Di sini saya akan menulis tentang kenapa seharunya tidak menjadi wanita karir. Tulisan ini berlatar belakang saat saya mendapat tugas kerja di salah satu kantor BUMN perusahaan properti di Jakarta. Sudah sekitar tiga minggu saya di kantor mereka untuk menyelesaikan pekerjaan. Sebagai gambaran di swasta para pegawainya lebih fashionable dibandingkan dengan pegawai di pemerintahan (atau PNS). Saya bisa berbicara seperti ini dari pengamatan dan pengalaman yang saya alami. Dulu pada saat praktik kerja lapangan di salah satu kantor berlabel pemerintah (di Jakarta juga) dan sekarang mendapat tugas di perusahaan swasta. Yang menjadi fokus pada tulisan saya kali ini adalah tentang perempuan.

Di swasta, para pegawai perempuan lebih cantik-cantik dan seperti yang saya bilang di awal yaitu fashionable, sehingga enak dilihat dari kaca mata seorang laki-laki, apalagi masih muda-muda seperti yang terdapat di kantor BUMN ini.

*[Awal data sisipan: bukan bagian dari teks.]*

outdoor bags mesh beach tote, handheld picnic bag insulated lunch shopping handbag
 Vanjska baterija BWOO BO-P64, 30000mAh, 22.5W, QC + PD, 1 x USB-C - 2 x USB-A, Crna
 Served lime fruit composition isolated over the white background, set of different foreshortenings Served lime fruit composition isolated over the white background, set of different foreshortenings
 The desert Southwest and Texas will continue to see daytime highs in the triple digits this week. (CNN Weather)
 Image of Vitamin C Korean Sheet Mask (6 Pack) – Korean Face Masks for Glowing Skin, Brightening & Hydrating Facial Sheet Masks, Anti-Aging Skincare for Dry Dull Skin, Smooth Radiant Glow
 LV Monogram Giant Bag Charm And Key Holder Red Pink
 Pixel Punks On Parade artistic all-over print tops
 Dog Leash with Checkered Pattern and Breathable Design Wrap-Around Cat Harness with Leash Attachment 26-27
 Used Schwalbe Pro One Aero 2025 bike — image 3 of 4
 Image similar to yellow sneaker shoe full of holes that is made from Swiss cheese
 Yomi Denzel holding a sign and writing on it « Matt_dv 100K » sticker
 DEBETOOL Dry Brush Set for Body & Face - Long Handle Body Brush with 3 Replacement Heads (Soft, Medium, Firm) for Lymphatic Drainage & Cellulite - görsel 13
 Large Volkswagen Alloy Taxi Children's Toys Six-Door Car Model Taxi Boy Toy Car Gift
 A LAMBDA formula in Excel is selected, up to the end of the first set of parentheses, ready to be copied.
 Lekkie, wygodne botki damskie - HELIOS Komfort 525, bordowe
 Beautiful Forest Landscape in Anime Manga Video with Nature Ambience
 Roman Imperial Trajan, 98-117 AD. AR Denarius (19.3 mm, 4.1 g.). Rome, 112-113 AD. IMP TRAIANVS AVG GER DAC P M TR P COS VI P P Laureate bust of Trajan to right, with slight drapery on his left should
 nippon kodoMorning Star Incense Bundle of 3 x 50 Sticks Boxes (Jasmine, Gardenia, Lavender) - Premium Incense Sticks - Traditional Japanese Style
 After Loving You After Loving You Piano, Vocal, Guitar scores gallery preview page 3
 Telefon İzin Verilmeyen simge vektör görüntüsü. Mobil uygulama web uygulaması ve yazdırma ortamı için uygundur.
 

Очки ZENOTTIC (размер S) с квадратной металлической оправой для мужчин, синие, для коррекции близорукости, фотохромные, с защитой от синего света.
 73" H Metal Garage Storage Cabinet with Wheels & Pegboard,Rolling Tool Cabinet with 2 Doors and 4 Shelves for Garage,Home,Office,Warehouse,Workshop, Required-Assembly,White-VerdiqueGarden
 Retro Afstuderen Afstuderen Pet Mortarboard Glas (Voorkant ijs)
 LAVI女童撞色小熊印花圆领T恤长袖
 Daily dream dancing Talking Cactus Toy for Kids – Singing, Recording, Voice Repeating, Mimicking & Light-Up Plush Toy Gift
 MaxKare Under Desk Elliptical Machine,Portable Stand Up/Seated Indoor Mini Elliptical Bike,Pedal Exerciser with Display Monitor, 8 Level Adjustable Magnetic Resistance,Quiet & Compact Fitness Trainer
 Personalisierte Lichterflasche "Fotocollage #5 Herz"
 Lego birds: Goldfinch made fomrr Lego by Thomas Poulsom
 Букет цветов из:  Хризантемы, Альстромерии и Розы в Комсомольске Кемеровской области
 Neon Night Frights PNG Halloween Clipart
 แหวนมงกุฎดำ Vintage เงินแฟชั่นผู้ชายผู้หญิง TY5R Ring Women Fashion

Berbeda dengan di pemerintahan yang lebih terkesan sederhana, kalaupun ada hanya satu dua orang saja. Ya, meski BUMN tidak sepenuhnya swasta tapi semi pemerintah namun unsur swasta lebih dominan. Interaksi antar pegawai, baik muda maupun tua, baik laki-laki maupun perempuan juga lebih luwes. Maka, laki-laki mana yang tidak betah jika di kantor tempat dia bekerja banyak perempuan cantik nan sedap dipandang. Itulah yang ada di pikiran saya sebagai laki-laki normal selama beberapa minggu di kantor ini. Hingga suatu saat saya berpikir sedikit lebih mendalam dan timbul pertanyaan, “bagaimana ya perasaan para laki-laki di sini yang sudah memilki pasangan jika di kantor, mereka setiap harinya ber-haha hihi dengan perempuan yang hanya patner kerja?”. Dan begitu pula dengan perempuan yang lebih banyak menghabiskan waktu mereka dalam sehari untuk bertemu dan berbicara dengan laki-laki yang bukan seseorang yang menemani mereka mengarungi hidup dibandingkan dengan pasangan hidup mereka?

Penasaran ini menjadi semacam kekhawatiran saya di masa depan jika nanti telah bekerja sebagai pegawai di kantor.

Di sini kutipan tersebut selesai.